Grandpa Roger sits on the couch listening as the sounds of our family fill our home. Laughter from the boys, giggling from my girls — happy sounds bouncing from wall to wall. He looks content. Peaceful. Happy to be here.
I’m scurrying around the kitchen desperately trying to get the last bits of dinner ready. The grill is smoking — I’m sure I burnt something — and the potatoes are ready to be mashed and mixed with bits of dill, butter, and salt. I need to get the plates, and find some cups, and put ice in the big bowl. And Samuel is pulling at my legs. Too much to do, and as the saying goes, too little time.
Grandma Penny and Elijah are nestled together reading a book about Mater from Cars. Elijah thinks it is so silly when Grandma talks in her low voice for Mater. His little feet wiggle with excitement, and his head rests ever so slightly on Grandma’s arm. It’s a beautiful sight — generations together.

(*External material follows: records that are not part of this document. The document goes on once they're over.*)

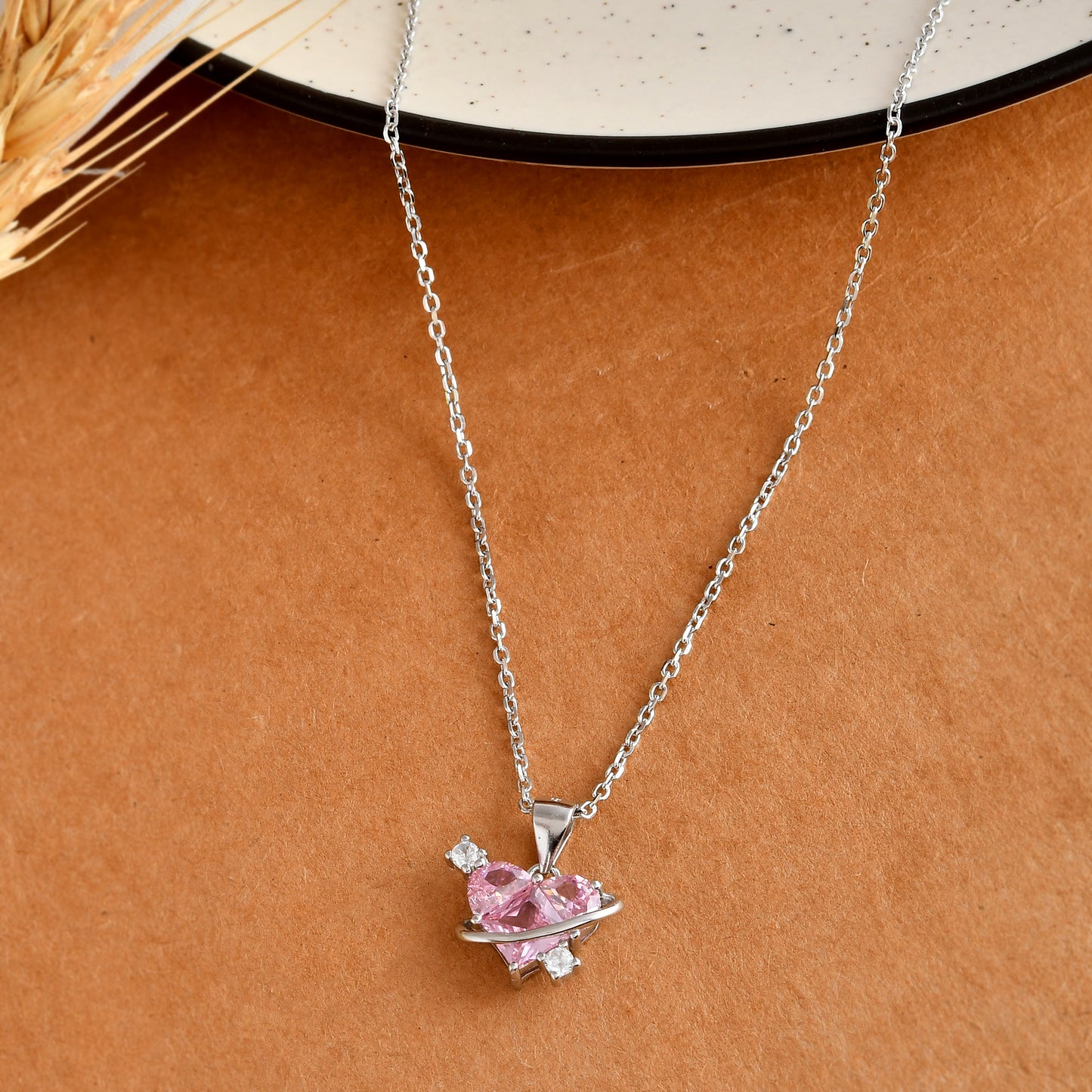 Sterling Silver “Heart-in-Orbit” Pink CZ Planet Pendant Necklace
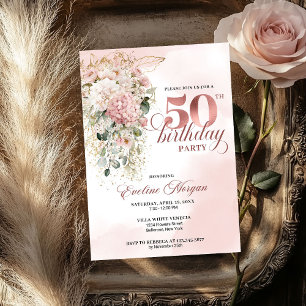 Blush Flowers Rose Gold Greenery 50th Birthday Invitation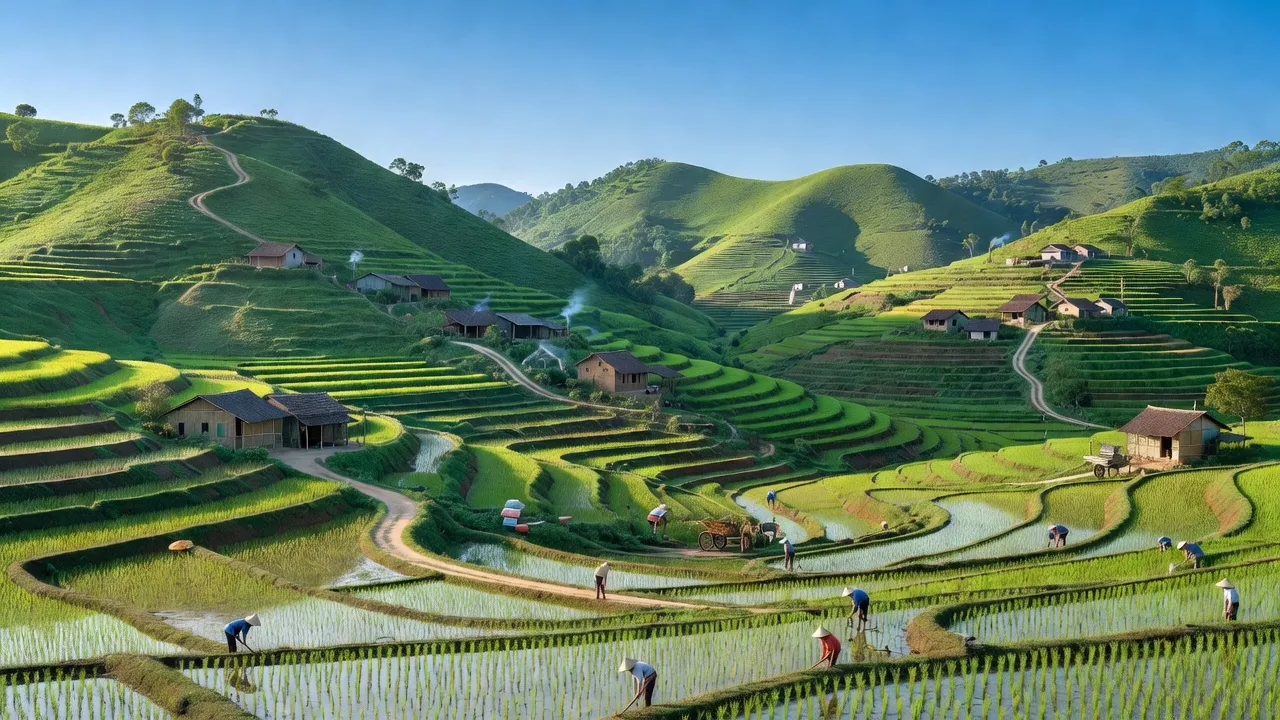Khung cảnh huyện Hạ Hoà, Phú Thọ với đồng ruộng xanh tươi và đồi núi trập trùng.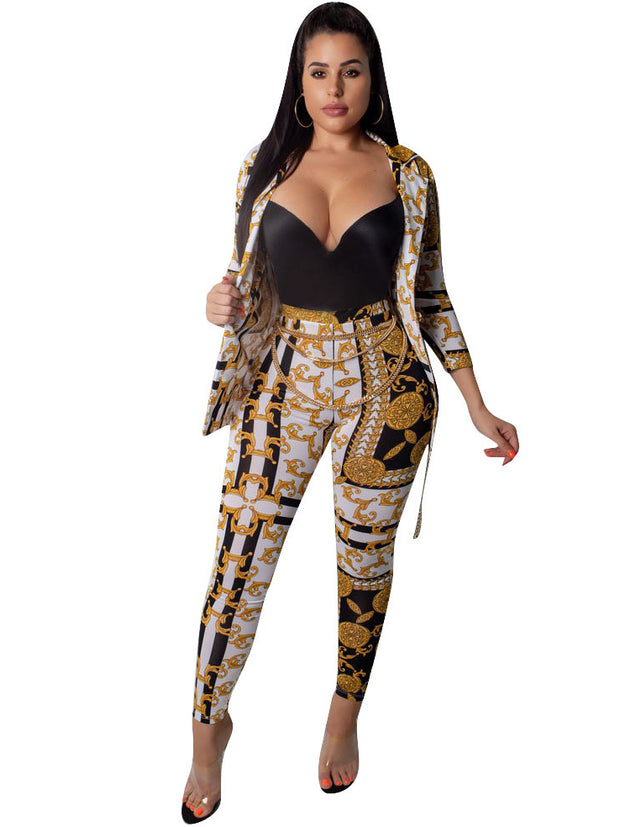 Luxuriant Printed Jackets&High Waisted Pants Trendy Suits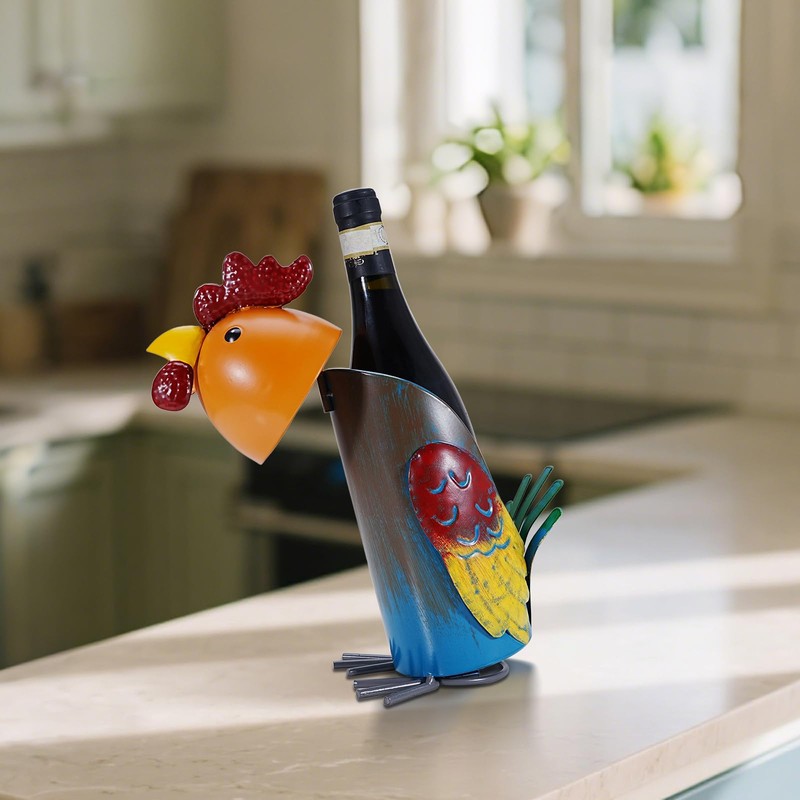 Mloarts Curious Rooster Chicken Wine Bottle Holder, Decorative Wine Holder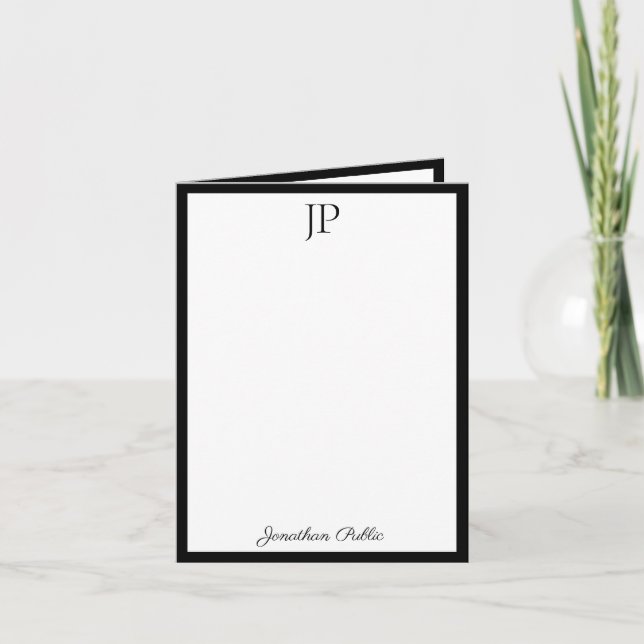Calligraphy Script Monogrammed Simple Template (Front)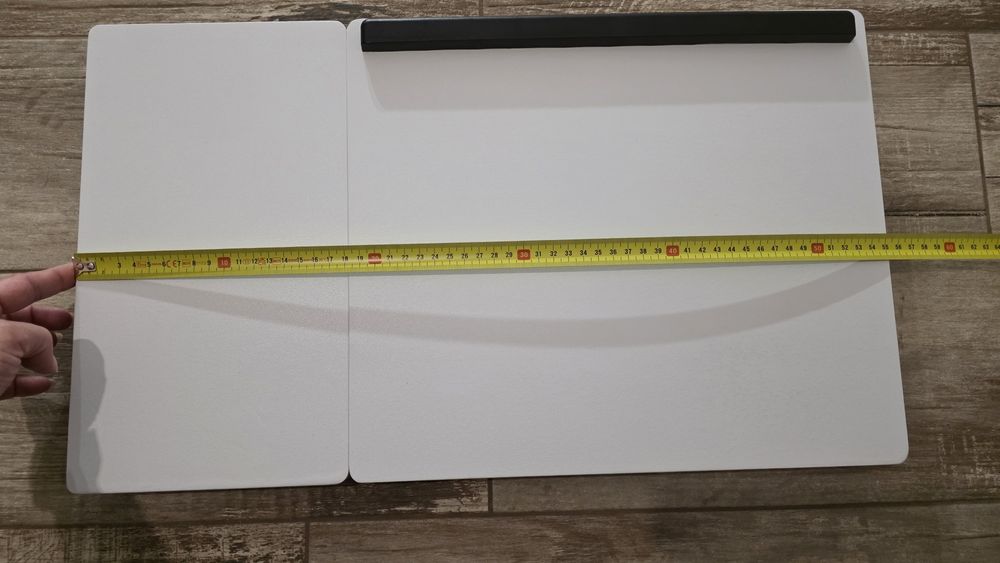 Măsuță lemn albă, pliabilă și reglabilă, pentru laptop/tabletă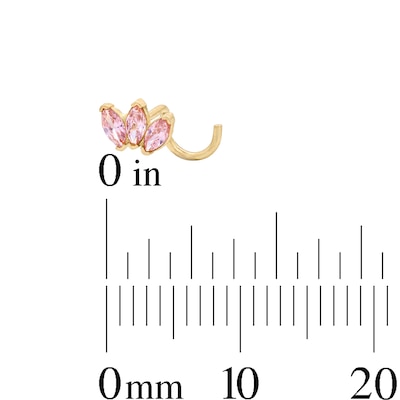 14K Semi-Solid Gold CZ Pink Screw Nose Stud - 22G 1/2"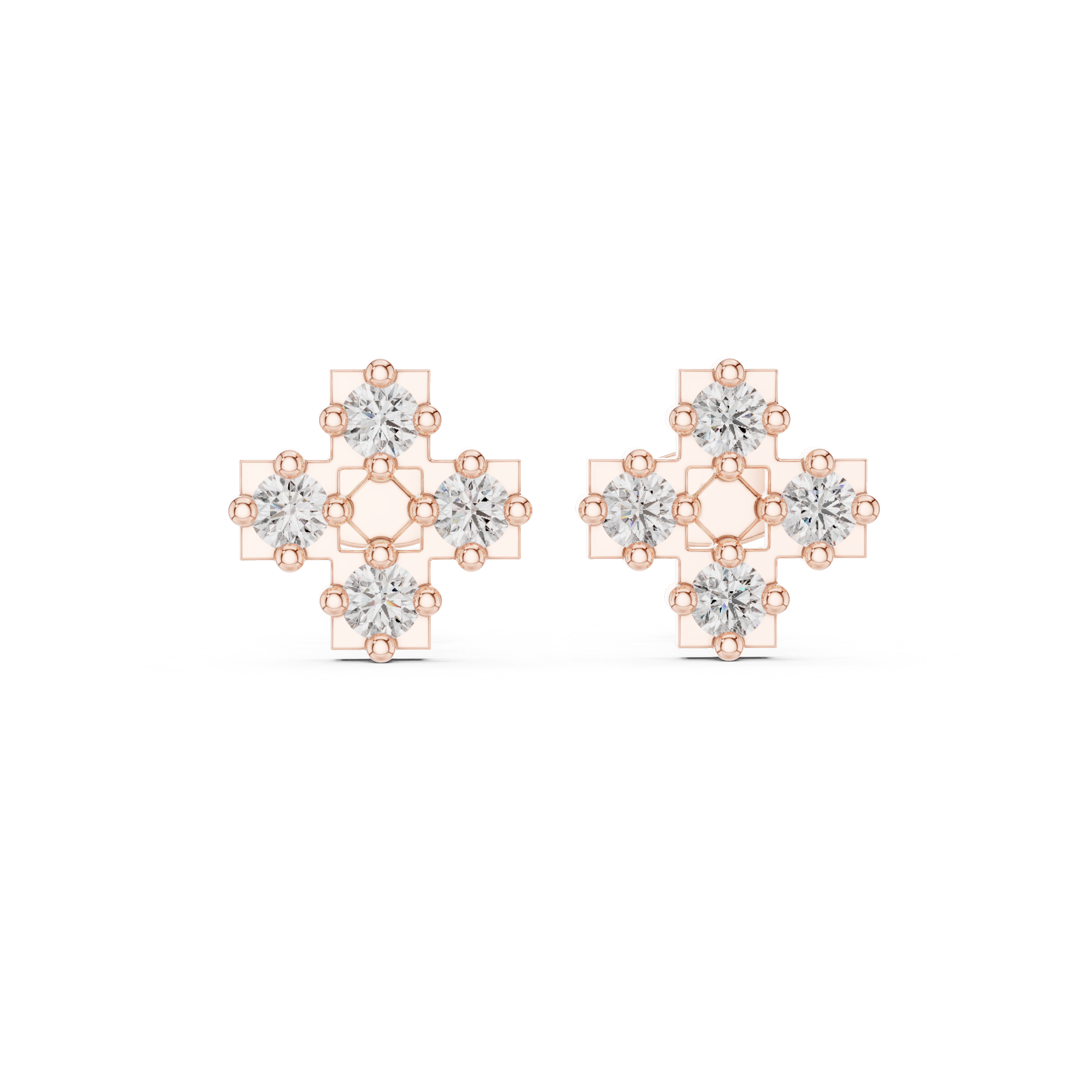 Round Diamond Cluster Cross Motif Geometric Stud Earrings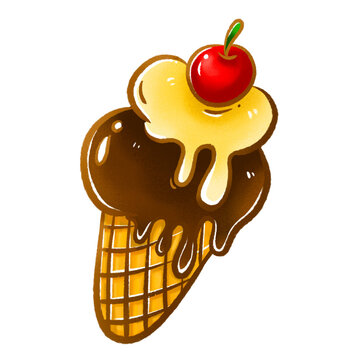 chocolate ice cream cone with cherry clip art preview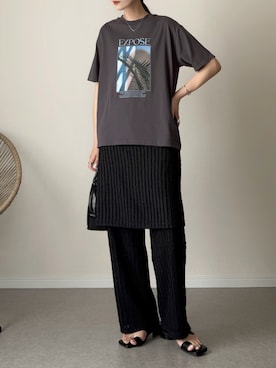 「LEPSIM（レプシィム）のレースドッキングパンツ　656644（その他パンツ、ブラック系）」を使った、haru さん（レディース・162cm）の夏コーディネート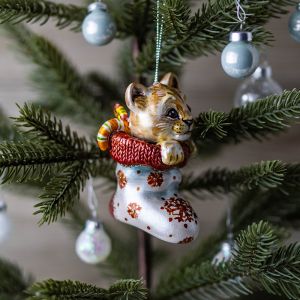 Елочная игрушка львенок в носке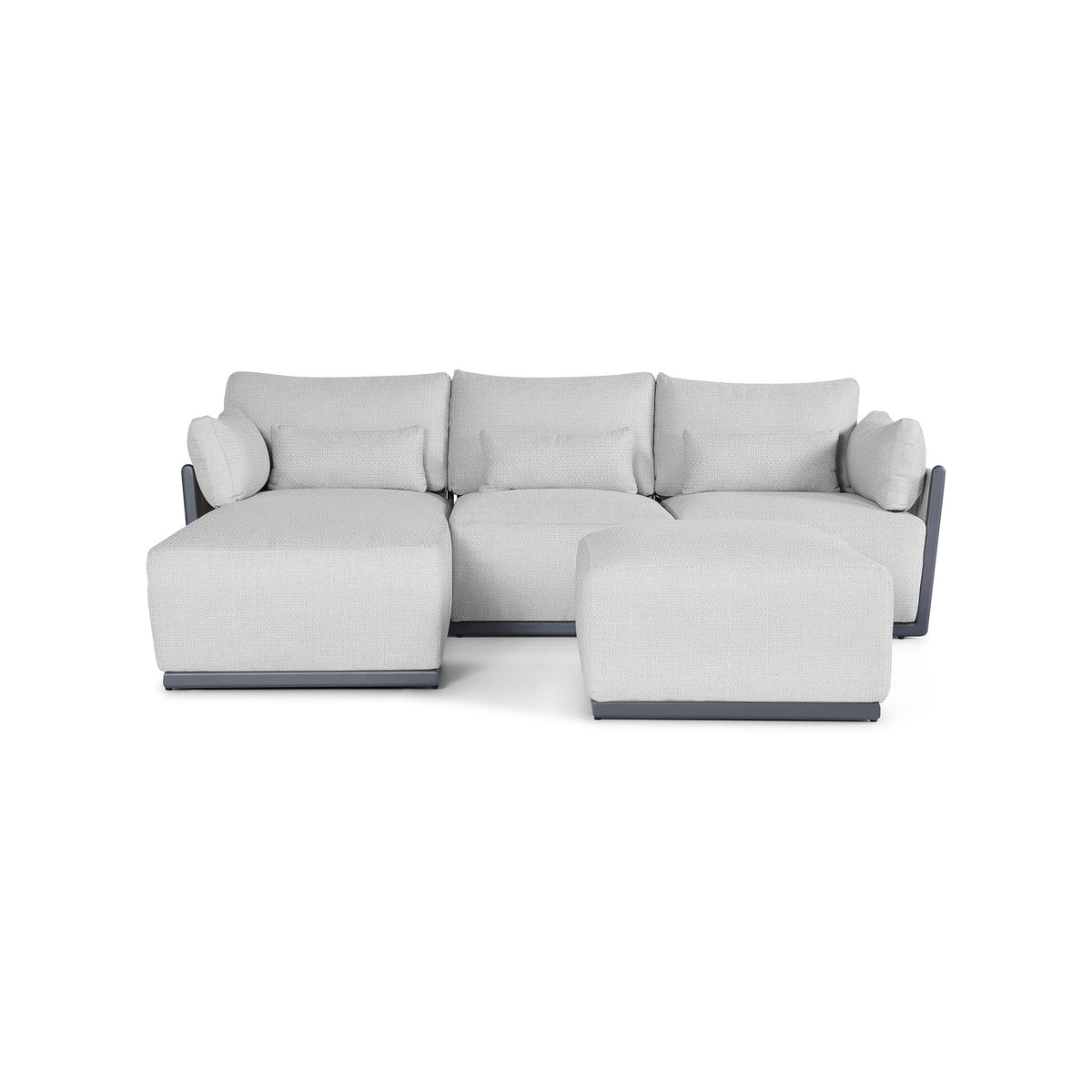 Sorrento Loungeset | Chaiselongue | Matt Royal Grey Gestell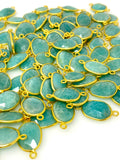 5pcs/10Pcs Natural Amazonite Gemstone Connectors, 14K Gold Plated over Sterling Silver, Jewelry Supplies, 18x11mm - 25x15mm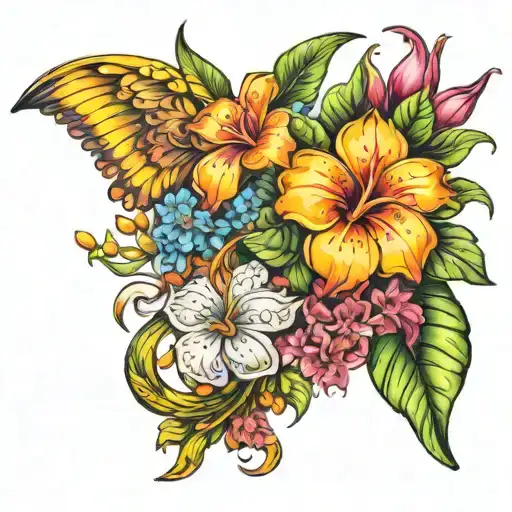 Tropical Flower With Angel Numbers 3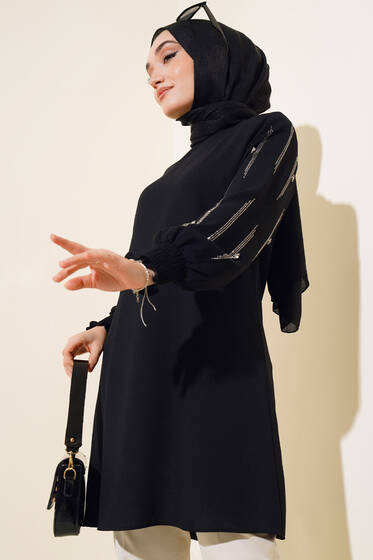 Kolu Taş Süslemeli Tunik Siyah - Tunik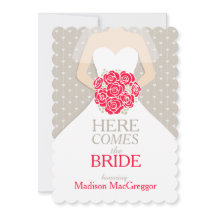 Invitación a la ducha de novia con un toque de col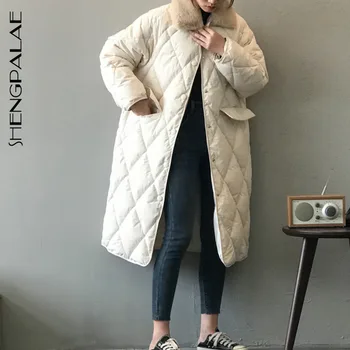 SHENGPALAE 2020 zima Nowy koreański styl długa bawełnianej płaszcz kobiety fur collar rombu wzór duży rozmiar Parkrcoat ZT1170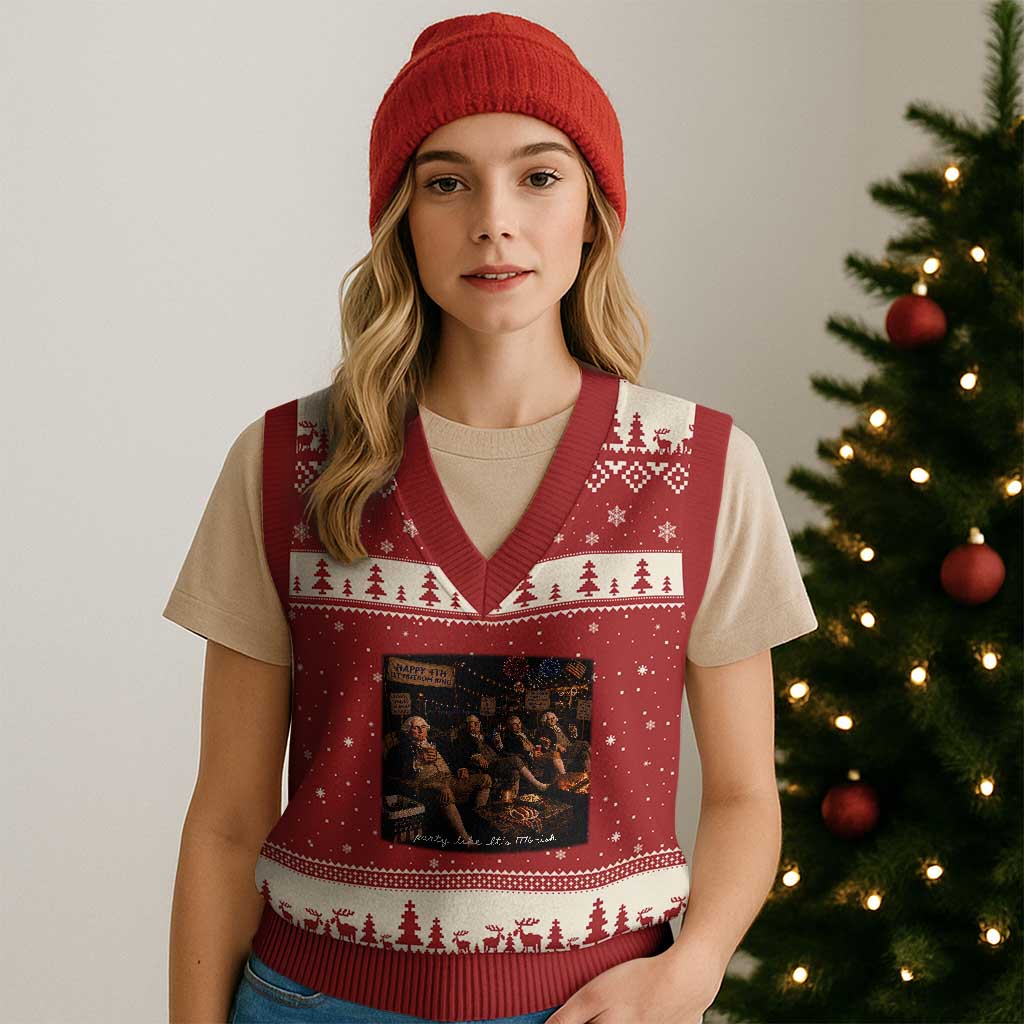 Party Like It Is 1776 Founding Father V-Neck Knit Sweater Vest Funny 4th of July Meme
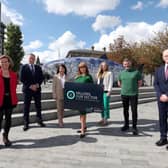 CO3 chief executive, Valerie McConville joined by key conference and research sponsors, Evelyn Partners, Community Finance Ireland, Department for Communities, Tony Clarke and Company, Marsh/Ecclesiastical and Baker Tilly Mooney Moore to launch the 2022 CO3 Annual Leadership Conference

I’m sure it’s burnt. I can’t even find my shoes to get onto the deck to grab the meat. Then I see Brennan swinging away, without a coat, in the snow and my slip-on shoes resting on the wet, slushy ground. My only option is to try to scurry and find shoes, get Brennan to come quickly back with mine, or walk with socks onto a March-thawing covered deck of snow. The grill wins. I see the smoke now.
Afternoon light trickles through the floral curtains illuminating the new daffodils I picked up at Trader Joe’s today. Daffodils for $1.69 a bunch. Worth every cent for the breath of spring they bring into my home. Caleb runs over and takes a big sniff — and I see him dreaming of spring — of running outside and parks and green. He’s just content to be. In the moment. Sitting at the table with yellow opening daffodils and the prospect of dinner coming.
Well, it’s done. I’ve scraped off the burnt part, mashed the potatoes, and pulled out the thinly sliced marinated cucumber salad that I made earlier. I start calling for everyone to come and eat. As their plates begin to weigh down with dinner I turn and start to clean. Scraping remnants of meat off the pan, scrubbing dishes, loading bowls, wiping the stove — working. Away from family.
The conversations bounce around the table. “Grandpa, did you see?” and “Grandma, did you hear?” and “Aunt Lolly, will you play with us?” Faces smeared with barbeque sauce look eagerly at those they love, their guests, unaware that they even have remnants of dinner on their cheeks. They’re just being. Laughing. Enjoying.
I stop. I put the scrubber down. I don’t care that the food might stick. I grab the last plate, my plate, off of the island and start to dish up the food that I prepared. My plate gets heavy with blessed goodness. Slowly I walk through the afternoon sun streaming in the window and sit down next to my yellow daffodils, inbetween Chloe and Gracie. I sit. And listen. And laugh. And look at my family gathered around. And become grateful for this moment, this sacred time of being a family. Of togetherness.
We scrawl pictures on our papers and pass them around to each other eager to see what the next person would write. The boys are outside running through the snow piles, and Samuel and Elijah are once again resting on the couch between Daddy and Grandpa. I turn to write my caption. As my pen scratches words on the paper I pause and look around. I don’t see work today. I see family. And love. And my heart is grateful. Grateful that I chose to rest and laugh. And just be.